**EXERCISE BRIEF**
The data must be transcribed exactly, with no line missing.
=== Section Start ===
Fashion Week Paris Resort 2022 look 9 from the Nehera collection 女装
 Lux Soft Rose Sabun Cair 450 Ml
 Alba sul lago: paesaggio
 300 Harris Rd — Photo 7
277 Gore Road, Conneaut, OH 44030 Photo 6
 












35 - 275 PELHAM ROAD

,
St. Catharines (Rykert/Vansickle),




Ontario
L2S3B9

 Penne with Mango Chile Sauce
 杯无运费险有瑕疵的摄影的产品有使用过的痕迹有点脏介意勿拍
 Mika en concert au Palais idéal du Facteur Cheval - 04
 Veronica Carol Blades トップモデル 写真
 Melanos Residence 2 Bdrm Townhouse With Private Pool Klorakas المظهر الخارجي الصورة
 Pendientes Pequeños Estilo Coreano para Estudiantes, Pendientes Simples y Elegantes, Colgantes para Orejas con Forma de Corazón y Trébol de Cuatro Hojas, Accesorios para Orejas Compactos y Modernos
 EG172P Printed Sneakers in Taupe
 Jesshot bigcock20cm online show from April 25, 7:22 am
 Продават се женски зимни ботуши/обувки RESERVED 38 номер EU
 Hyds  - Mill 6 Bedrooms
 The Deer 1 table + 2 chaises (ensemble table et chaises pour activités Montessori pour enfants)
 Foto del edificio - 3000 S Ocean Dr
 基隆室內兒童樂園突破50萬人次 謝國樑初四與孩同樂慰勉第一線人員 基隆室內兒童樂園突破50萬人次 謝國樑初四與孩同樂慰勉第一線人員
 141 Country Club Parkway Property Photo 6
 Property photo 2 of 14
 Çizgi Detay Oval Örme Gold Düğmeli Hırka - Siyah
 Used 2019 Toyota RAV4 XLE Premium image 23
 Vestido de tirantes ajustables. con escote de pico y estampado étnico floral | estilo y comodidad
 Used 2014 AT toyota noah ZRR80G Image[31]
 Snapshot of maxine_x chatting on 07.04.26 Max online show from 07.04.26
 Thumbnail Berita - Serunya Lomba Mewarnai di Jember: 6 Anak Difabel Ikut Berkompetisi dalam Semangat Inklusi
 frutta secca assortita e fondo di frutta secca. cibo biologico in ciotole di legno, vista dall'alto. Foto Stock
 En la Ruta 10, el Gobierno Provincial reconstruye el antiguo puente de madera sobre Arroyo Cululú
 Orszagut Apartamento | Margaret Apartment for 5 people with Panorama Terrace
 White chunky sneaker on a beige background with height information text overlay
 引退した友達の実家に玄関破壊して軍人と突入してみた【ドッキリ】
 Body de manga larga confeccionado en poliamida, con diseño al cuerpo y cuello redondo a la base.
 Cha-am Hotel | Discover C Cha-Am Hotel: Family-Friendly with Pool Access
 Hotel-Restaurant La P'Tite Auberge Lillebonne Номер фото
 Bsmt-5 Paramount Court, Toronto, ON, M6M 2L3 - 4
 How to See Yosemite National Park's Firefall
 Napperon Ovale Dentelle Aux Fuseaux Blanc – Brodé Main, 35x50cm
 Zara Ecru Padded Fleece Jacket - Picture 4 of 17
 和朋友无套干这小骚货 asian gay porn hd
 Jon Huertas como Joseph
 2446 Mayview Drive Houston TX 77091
=== Section End ===
**ANSWER TO THE EXERCISE**
Fashion Week Paris Resort 2022 look 9 from the Nehera collection 女装
 Lux Soft Rose Sabun Cair 450 Ml
 Alba sul lago: paesaggio
 300 Harris Rd — Photo 7
277 Gore Road, Conneaut, OH 44030 Photo 6
 












35 - 275 PELHAM ROAD

,
St. Catharines (Rykert/Vansickle),




Ontario
L2S3B9

 Penne with Mango Chile Sauce
 杯无运费险有瑕疵的摄影的产品有使用过的痕迹有点脏介意勿拍
 Mika en concert au Palais idéal du Facteur Cheval - 04
 Veronica Carol Blades トップモデル 写真
 Melanos Residence 2 Bdrm Townhouse With Private Pool Klorakas المظهر الخارجي الصورة
 Pendientes Pequeños Estilo Coreano para Estudiantes, Pendientes Simples y Elegantes, Colgantes para Orejas con Forma de Corazón y Trébol de Cuatro Hojas, Accesorios para Orejas Compactos y Modernos
 EG172P Printed Sneakers in Taupe
 Jesshot bigcock20cm online show from April 25, 7:22 am
 Продават се женски зимни ботуши/обувки RESERVED 38 номер EU
 Hyds  - Mill 6 Bedrooms
 The Deer 1 table + 2 chaises (ensemble table et chaises pour activités Montessori pour enfants)
 Foto del edificio - 3000 S Ocean Dr
 基隆室內兒童樂園突破50萬人次 謝國樑初四與孩同樂慰勉第一線人員 基隆室內兒童樂園突破50萬人次 謝國樑初四與孩同樂慰勉第一線人員
 141 Country Club Parkway Property Photo 6
 Property photo 2 of 14
 Çizgi Detay Oval Örme Gold Düğmeli Hırka - Siyah
 Used 2019 Toyota RAV4 XLE Premium image 23
 Vestido de tirantes ajustables. con escote de pico y estampado étnico floral | estilo y comodidad
 Used 2014 AT toyota noah ZRR80G Image[31]
 Snapshot of maxine_x chatting on 07.04.26 Max online show from 07.04.26
 Thumbnail Berita - Serunya Lomba Mewarnai di Jember: 6 Anak Difabel Ikut Berkompetisi dalam Semangat Inklusi
 frutta secca assortita e fondo di frutta secca. cibo biologico in ciotole di legno, vista dall'alto. Foto Stock
 En la Ruta 10, el Gobierno Provincial reconstruye el antiguo puente de madera sobre Arroyo Cululú
 Orszagut Apartamento | Margaret Apartment for 5 people with Panorama Terrace
 White chunky sneaker on a beige background with height information text overlay
 引退した友達の実家に玄関破壊して軍人と突入してみた【ドッキリ】
 Body de manga larga confeccionado en poliamida, con diseño al cuerpo y cuello redondo a la base.
 Cha-am Hotel | Discover C Cha-Am Hotel: Family-Friendly with Pool Access
 Hotel-Restaurant La P'Tite Auberge Lillebonne Номер фото
 Bsmt-5 Paramount Court, Toronto, ON, M6M 2L3 - 4
 How to See Yosemite National Park's Firefall
 Napperon Ovale Dentelle Aux Fuseaux Blanc – Brodé Main, 35x50cm
 Zara Ecru Padded Fleece Jacket - Picture 4 of 17
 和朋友无套干这小骚货 asian gay porn hd
 Jon Huertas como Joseph
 2446 Mayview Drive Houston TX 77091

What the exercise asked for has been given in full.